Since the advent of high level programming languages (e.g., Fortran, Pascal, Basic, C, C++, Java, etc.) the use of assembly language for computer programming has declined, however. Nonetheless, there are areas where assembly language still is used. For example, when program code must operate extremely efficiently, a computer programmer may choose to write the program code in assembly language. Further, there are certain computer programs that have existed for many years and still contain parts of their component structure that are written in assembly language. Some of these computer programs are serviced and/or extended from time to time using assembly language.
One or more embodiments disclosed within this specification relate to generating object code from source code.

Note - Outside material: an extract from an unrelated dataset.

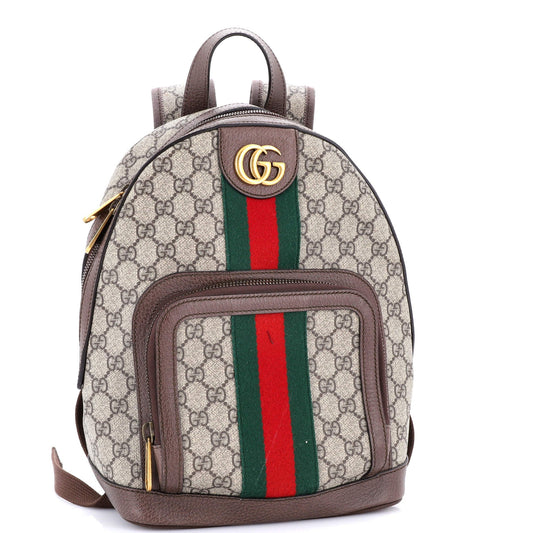 Ophidia Backpack GG Coated Canvas and Leather Small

An embodiment can include receiving assembly language source code for a computer program and identifying within the assembly language source code a conjoined directive that conjoins a load instruction and an assembler directive. The conjoined directive can identify a data structure, a first register, and a second register that contains an address of a location in memory that contains the data structure. Via a processor, the conjoined directive can be processed to create object code that includes operation code that loads into the first register the address of the location in memory that contains the data structure. The object code can be output.
Another embodiment can include a system having a processor. The processor can be configured to initiate executable operations including receiving assembly language source code for a computer program and identifying within the assembly language source code a conjoined directive that conjoins a load instruction and an assembler directive. The conjoined directive can identify a data structure, a first register, and a second register that contains an address of a location in memory that contains the data structure. The processor can process the conjoined directive to create object code that includes operation code that loads into the first register the address of the location in memory that contains the data structure. The processor can output the object code.
Another embodiment can include a computer program product. The computer program product can include a computer-readable storage medium having stored thereon program code that, when executed, configures a processor to perform operations including receiving assembly language source code for a computer program and identifying within the assembly language source code a conjoined directive that conjoins a load instruction and an assembler directive. The conjoined directive can identify a data structure, a first register, and a second register that contains an address of a location in memory that contains the data structure. The program code further can configure the processor to process the conjoined directive to create object code that includes operation code that loads into the first register the address of the location in memory that contains the data structure. The program code further can configure the processor to output the object code.
As will be appreciated by one skilled in the art, aspects of the present invention may be embodied as a system, method or computer program product. Accordingly, aspects of the present invention may take the form of an entirely hardware embodiment, an entirely software embodiment (including firmware, resident software, micro-code, etc.) or an embodiment combining software and hardware aspects that may all generally be referred to herein as a “circuit,” “module” or “system.” Furthermore, aspects of the present invention may take the form of a computer program product embodied in one or more computer-readable medium(s) having computer-readable program code embodied, e.g., stored, thereon.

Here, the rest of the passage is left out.